The task » Starting with the line containing "Foto 19 van Melrose 23" and going on through the line containing "Beneteau Swift Trawler 41 | Felicita", return the lines of the data below exactly, and only those.

Stored data entries
-------------------------

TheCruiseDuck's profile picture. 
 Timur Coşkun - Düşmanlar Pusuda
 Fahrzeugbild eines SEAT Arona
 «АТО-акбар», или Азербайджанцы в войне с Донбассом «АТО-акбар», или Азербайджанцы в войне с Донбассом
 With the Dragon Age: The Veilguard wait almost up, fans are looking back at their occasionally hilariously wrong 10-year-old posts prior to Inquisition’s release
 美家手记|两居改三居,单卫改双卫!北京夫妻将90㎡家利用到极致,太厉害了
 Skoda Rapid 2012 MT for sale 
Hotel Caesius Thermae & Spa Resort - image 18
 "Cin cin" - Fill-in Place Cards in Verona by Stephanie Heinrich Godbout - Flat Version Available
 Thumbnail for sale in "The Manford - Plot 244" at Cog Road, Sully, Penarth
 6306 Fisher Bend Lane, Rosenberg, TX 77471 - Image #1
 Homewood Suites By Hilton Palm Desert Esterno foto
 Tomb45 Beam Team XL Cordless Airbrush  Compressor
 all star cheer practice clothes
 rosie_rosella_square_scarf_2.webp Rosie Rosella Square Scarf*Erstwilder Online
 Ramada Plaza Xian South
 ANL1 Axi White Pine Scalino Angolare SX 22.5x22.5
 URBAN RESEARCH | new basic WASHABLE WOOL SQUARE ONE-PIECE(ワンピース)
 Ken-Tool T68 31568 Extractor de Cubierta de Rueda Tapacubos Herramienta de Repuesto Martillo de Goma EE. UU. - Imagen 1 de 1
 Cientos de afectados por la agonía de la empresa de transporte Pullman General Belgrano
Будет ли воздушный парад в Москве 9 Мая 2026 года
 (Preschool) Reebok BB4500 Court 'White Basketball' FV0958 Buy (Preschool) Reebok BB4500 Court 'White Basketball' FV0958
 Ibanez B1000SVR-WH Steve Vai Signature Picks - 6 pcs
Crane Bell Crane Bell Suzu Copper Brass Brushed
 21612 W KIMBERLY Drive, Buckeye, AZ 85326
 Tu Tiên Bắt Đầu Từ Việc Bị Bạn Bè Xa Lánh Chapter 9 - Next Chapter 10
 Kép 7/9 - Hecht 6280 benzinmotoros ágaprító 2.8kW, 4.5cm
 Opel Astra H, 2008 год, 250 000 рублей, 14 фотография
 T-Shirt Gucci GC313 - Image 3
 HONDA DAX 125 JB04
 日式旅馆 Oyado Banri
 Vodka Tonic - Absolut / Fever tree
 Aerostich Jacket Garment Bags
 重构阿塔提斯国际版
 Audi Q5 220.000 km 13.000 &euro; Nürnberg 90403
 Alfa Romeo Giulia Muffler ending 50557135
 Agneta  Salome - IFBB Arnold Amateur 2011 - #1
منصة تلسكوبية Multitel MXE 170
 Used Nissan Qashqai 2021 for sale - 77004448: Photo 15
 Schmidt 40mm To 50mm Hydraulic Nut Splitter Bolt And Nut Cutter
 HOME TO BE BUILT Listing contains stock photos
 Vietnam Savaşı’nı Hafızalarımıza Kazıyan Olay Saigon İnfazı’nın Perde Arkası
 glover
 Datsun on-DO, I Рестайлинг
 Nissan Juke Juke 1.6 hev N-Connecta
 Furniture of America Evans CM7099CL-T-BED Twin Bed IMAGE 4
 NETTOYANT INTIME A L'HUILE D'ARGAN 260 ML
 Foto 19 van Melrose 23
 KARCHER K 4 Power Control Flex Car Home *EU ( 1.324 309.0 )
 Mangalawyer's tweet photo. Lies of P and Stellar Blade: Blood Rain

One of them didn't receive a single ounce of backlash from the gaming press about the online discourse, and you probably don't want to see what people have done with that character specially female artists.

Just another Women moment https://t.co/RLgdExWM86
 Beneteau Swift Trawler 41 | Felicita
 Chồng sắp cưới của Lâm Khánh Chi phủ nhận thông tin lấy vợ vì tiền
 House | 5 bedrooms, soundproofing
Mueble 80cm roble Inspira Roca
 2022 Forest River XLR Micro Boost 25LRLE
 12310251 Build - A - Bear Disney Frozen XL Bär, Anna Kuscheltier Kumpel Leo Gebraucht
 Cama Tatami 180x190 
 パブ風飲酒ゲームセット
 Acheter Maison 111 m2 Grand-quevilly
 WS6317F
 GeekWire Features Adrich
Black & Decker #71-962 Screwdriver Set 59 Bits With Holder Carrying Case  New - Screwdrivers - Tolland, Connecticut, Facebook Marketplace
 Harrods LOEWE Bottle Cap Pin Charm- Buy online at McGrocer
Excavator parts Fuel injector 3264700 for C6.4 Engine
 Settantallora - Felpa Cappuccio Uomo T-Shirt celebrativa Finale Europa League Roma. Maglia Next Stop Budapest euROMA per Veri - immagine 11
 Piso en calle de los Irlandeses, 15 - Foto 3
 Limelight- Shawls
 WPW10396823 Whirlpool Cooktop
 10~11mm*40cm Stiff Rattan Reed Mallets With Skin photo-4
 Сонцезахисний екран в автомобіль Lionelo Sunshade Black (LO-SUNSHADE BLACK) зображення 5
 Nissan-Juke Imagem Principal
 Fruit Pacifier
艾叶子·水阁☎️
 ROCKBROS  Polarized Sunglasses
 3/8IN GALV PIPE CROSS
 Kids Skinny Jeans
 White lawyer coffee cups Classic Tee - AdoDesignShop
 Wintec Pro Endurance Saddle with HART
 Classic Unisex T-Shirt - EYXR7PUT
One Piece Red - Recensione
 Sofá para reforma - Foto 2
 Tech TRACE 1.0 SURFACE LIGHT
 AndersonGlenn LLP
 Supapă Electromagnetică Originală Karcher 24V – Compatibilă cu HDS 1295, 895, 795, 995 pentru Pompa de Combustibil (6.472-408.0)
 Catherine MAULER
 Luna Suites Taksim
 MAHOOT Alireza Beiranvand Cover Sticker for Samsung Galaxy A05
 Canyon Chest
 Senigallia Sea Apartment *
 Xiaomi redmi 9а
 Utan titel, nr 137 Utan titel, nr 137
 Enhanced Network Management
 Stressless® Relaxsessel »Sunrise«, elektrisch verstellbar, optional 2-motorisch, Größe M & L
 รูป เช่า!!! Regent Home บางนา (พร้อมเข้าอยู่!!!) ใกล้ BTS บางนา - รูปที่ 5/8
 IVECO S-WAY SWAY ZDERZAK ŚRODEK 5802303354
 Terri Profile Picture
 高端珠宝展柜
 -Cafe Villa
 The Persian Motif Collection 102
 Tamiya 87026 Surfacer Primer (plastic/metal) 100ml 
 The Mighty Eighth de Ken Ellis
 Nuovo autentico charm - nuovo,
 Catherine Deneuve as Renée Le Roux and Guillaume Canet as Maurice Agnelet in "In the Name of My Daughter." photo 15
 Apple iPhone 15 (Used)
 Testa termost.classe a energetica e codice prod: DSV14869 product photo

-------------------------

Solution below »
 Foto 19 van Melrose 23
 KARCHER K 4 Power Control Flex Car Home *EU ( 1.324 309.0 )
 Mangalawyer's tweet photo. Lies of P and Stellar Blade: Blood Rain

One of them didn't receive a single ounce of backlash from the gaming press about the online discourse, and you probably don't want to see what people have done with that character specially female artists.

Just another Women moment https://t.co/RLgdExWM86
 Beneteau Swift Trawler 41 | Felicita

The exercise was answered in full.